*** Available data Section Begins ***
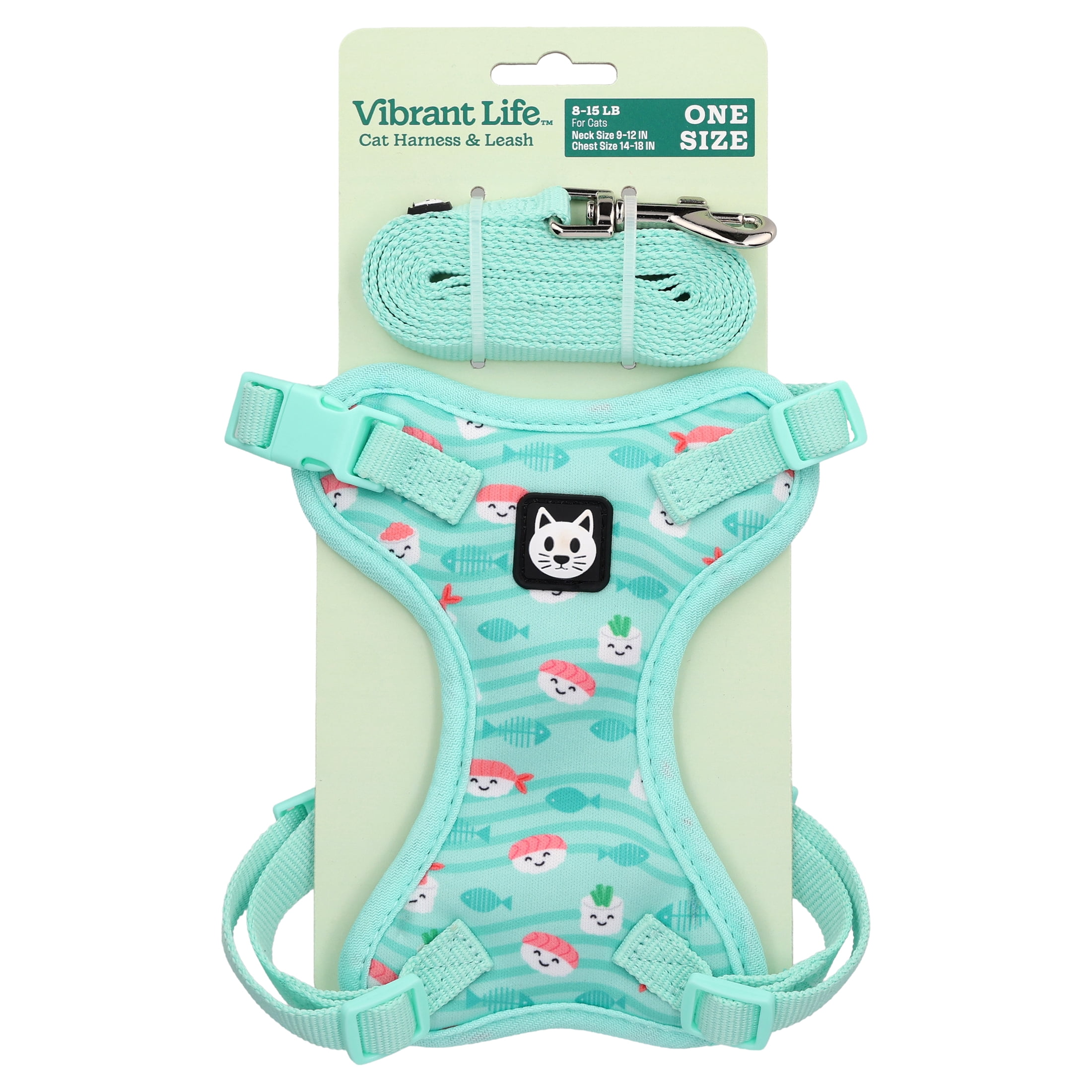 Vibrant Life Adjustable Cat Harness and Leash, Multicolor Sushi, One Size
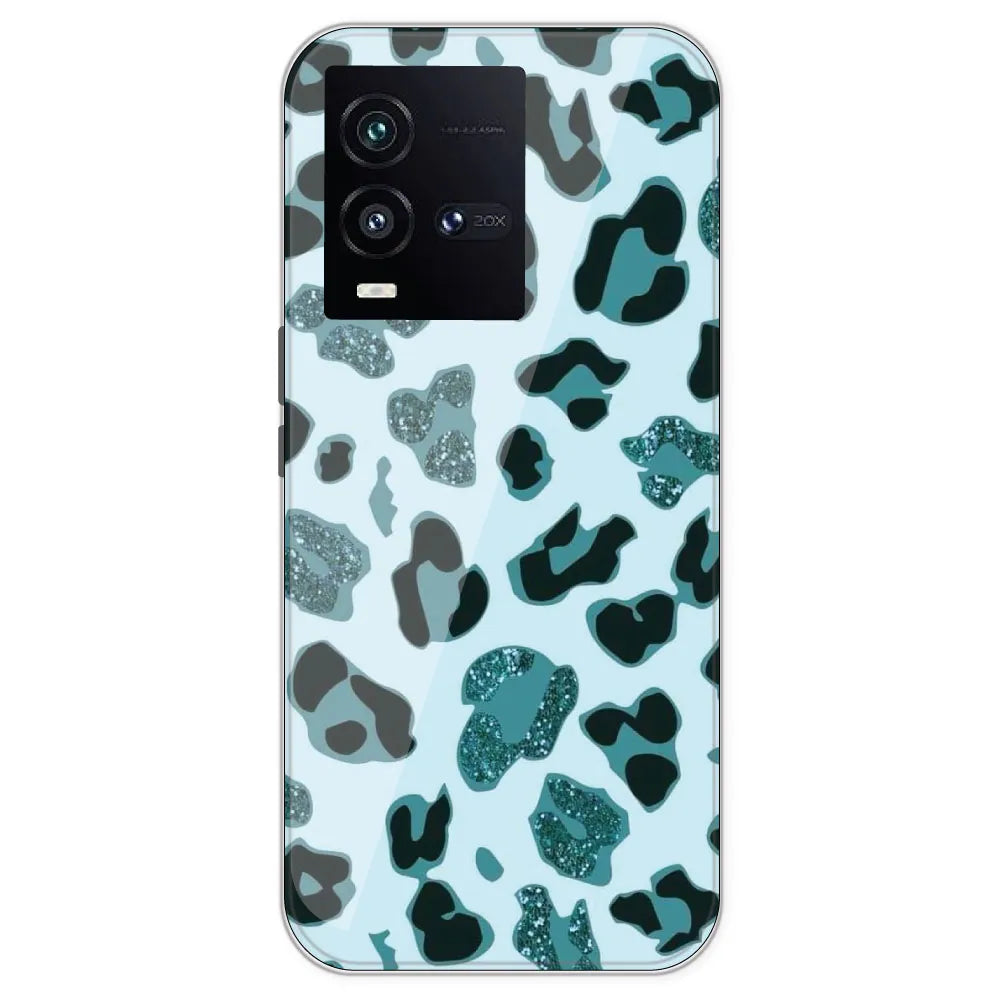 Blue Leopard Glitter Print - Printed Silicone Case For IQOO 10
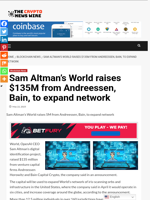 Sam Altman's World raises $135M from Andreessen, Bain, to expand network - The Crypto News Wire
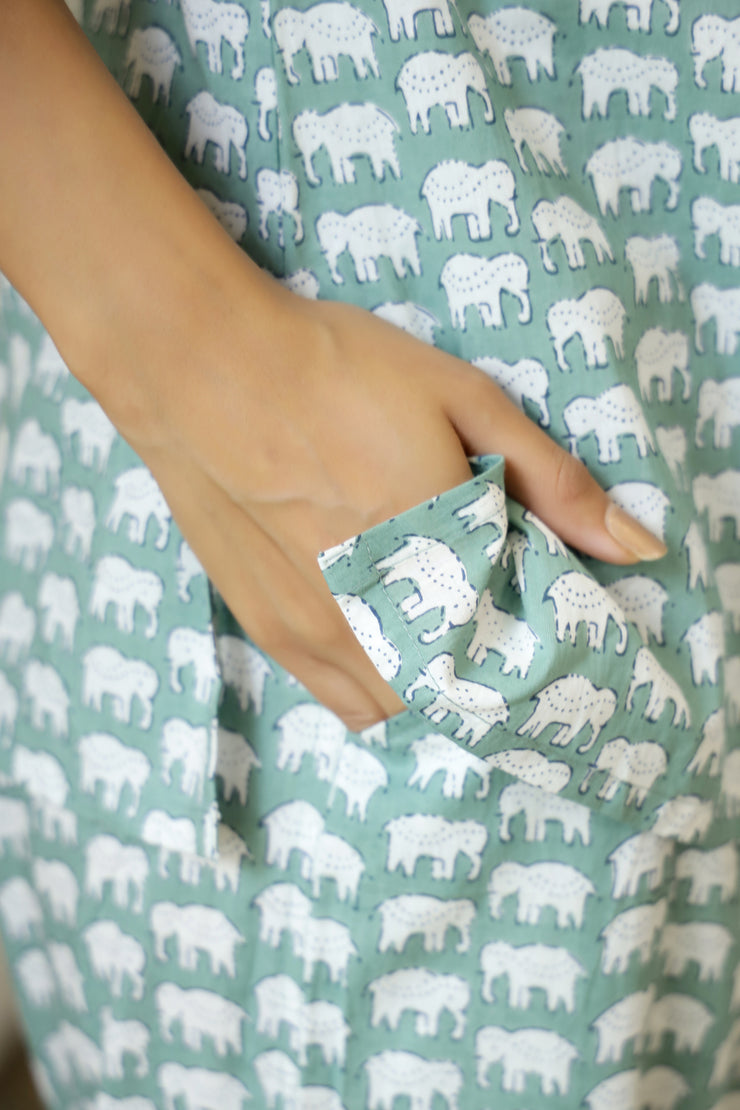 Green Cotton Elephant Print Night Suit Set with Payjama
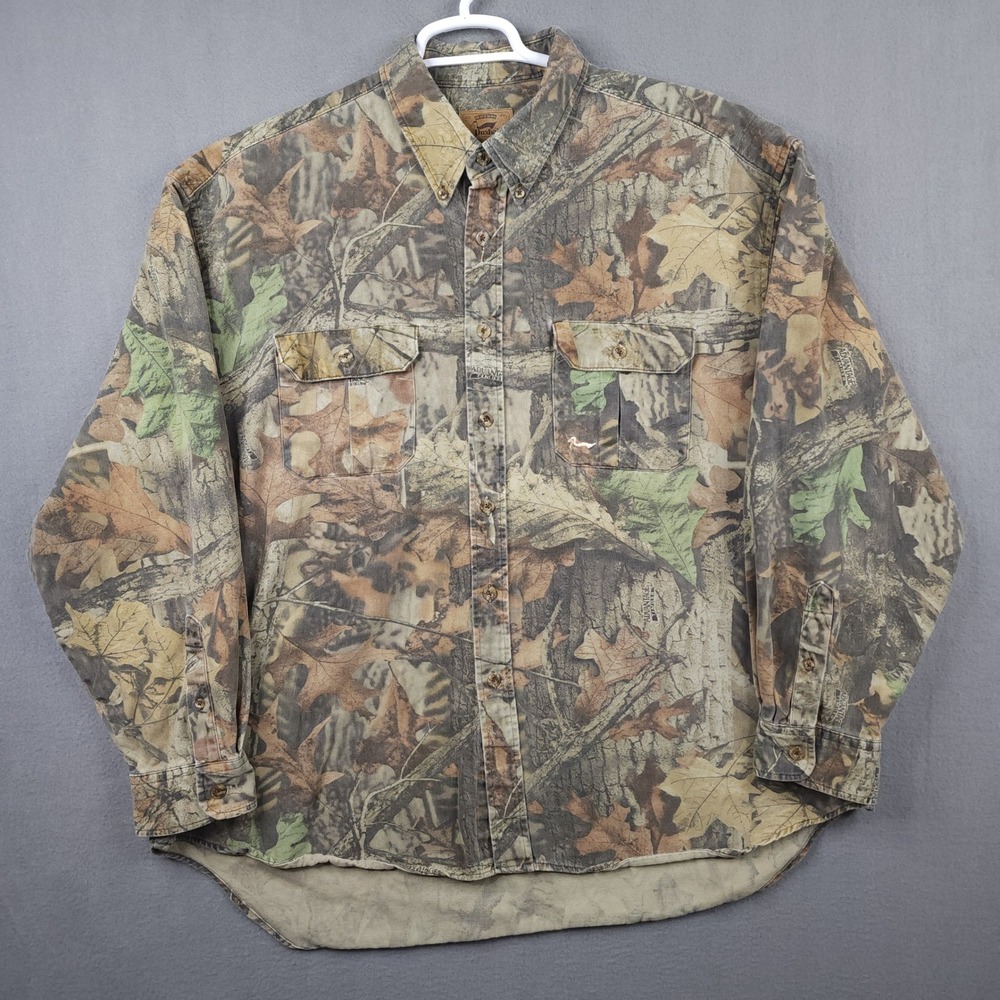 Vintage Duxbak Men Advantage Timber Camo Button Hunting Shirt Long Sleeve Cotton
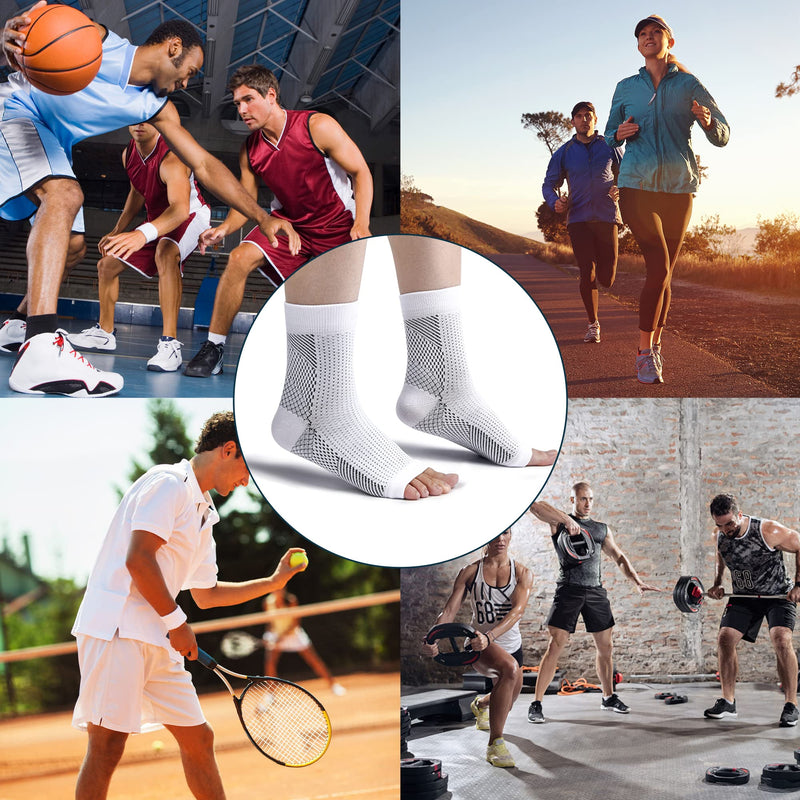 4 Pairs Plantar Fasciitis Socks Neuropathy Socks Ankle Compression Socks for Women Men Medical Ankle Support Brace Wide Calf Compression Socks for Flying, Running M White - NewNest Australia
*** Available data Section Ends ***
Exercise:
Write out each record exactly as shown, but not its pictures.

Solution:
 Vibrant Life Adjustable Cat Harness and Leash, Multicolor Sushi, One Size
 Blue Leopard Glitter Print - Printed Silicone Case For IQOO 10
 Sam Altman's World raises $135M from Andreessen, Bain, to expand network - The Crypto News Wire
 Green Cotton Elephant Print Night Suit Set with Payjama
 Vintage Duxbak Men Advantage Timber Camo Button Hunting Shirt Long Sleeve Cotton
 4 Pairs Plantar Fasciitis Socks Neuropathy Socks Ankle Compression Socks for Women Men Medical Ankle Support Brace Wide Calf Compression Socks for Flying, Running M White - NewNest Australia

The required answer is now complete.